*Work request*
Repeat each entry below exactly.

*Stored data*
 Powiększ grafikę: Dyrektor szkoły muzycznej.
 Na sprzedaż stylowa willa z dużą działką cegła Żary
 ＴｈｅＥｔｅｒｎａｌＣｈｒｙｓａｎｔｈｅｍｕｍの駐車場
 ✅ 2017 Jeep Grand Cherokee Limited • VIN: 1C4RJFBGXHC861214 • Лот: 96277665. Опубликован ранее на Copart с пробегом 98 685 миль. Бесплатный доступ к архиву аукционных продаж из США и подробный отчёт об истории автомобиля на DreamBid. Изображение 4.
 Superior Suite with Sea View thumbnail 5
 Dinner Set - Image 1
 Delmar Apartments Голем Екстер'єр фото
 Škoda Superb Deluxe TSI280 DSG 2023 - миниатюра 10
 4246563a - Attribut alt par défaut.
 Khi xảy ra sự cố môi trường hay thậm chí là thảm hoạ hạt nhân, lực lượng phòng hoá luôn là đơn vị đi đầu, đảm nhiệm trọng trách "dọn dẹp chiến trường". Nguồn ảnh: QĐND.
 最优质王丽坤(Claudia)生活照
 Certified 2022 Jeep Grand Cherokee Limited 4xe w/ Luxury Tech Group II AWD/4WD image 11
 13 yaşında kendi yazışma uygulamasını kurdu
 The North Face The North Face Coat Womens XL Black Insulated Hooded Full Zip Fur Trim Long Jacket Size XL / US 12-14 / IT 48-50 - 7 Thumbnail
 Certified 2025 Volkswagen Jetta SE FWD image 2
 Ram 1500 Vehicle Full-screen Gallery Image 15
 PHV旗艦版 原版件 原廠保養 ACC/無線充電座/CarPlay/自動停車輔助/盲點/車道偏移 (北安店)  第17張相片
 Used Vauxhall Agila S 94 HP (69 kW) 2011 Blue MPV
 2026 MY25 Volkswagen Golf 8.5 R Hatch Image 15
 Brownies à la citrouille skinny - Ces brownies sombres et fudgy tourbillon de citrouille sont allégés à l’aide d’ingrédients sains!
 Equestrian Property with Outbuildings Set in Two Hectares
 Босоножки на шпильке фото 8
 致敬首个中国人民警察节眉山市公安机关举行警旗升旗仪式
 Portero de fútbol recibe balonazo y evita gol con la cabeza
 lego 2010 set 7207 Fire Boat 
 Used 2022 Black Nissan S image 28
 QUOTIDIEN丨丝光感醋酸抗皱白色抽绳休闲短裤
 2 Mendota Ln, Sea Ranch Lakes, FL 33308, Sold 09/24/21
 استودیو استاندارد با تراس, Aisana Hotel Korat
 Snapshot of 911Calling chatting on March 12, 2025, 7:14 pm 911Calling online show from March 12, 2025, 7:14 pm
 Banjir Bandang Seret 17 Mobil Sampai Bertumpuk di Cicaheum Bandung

*Result of the task*
 Powiększ grafikę: Dyrektor szkoły muzycznej.
 Na sprzedaż stylowa willa z dużą działką cegła Żary
 ＴｈｅＥｔｅｒｎａｌＣｈｒｙｓａｎｔｈｅｍｕｍの駐車場
 ✅ 2017 Jeep Grand Cherokee Limited • VIN: 1C4RJFBGXHC861214 • Лот: 96277665. Опубликован ранее на Copart с пробегом 98 685 миль. Бесплатный доступ к архиву аукционных продаж из США и подробный отчёт об истории автомобиля на DreamBid. Изображение 4.
 Superior Suite with Sea View thumbnail 5
 Dinner Set - Image 1
 Delmar Apartments Голем Екстер'єр фото
 Škoda Superb Deluxe TSI280 DSG 2023 - миниатюра 10
 4246563a - Attribut alt par défaut.
 Khi xảy ra sự cố môi trường hay thậm chí là thảm hoạ hạt nhân, lực lượng phòng hoá luôn là đơn vị đi đầu, đảm nhiệm trọng trách "dọn dẹp chiến trường". Nguồn ảnh: QĐND.
 最优质王丽坤(Claudia)生活照
 Certified 2022 Jeep Grand Cherokee Limited 4xe w/ Luxury Tech Group II AWD/4WD image 11
 13 yaşında kendi yazışma uygulamasını kurdu
 The North Face The North Face Coat Womens XL Black Insulated Hooded Full Zip Fur Trim Long Jacket Size XL / US 12-14 / IT 48-50 - 7 Thumbnail
 Certified 2025 Volkswagen Jetta SE FWD image 2
 Ram 1500 Vehicle Full-screen Gallery Image 15
 PHV旗艦版 原版件 原廠保養 ACC/無線充電座/CarPlay/自動停車輔助/盲點/車道偏移 (北安店)  第17張相片
 Used Vauxhall Agila S 94 HP (69 kW) 2011 Blue MPV
 2026 MY25 Volkswagen Golf 8.5 R Hatch Image 15
 Brownies à la citrouille skinny - Ces brownies sombres et fudgy tourbillon de citrouille sont allégés à l’aide d’ingrédients sains!
 Equestrian Property with Outbuildings Set in Two Hectares
 Босоножки на шпильке фото 8
 致敬首个中国人民警察节眉山市公安机关举行警旗升旗仪式
 Portero de fútbol recibe balonazo y evita gol con la cabeza
 lego 2010 set 7207 Fire Boat 
 Used 2022 Black Nissan S image 28
 QUOTIDIEN丨丝光感醋酸抗皱白色抽绳休闲短裤
 2 Mendota Ln, Sea Ranch Lakes, FL 33308, Sold 09/24/21
 استودیو استاندارد با تراس, Aisana Hotel Korat
 Snapshot of 911Calling chatting on March 12, 2025, 7:14 pm 911Calling online show from March 12, 2025, 7:14 pm
 Banjir Bandang Seret 17 Mobil Sampai Bertumpuk di Cicaheum Bandung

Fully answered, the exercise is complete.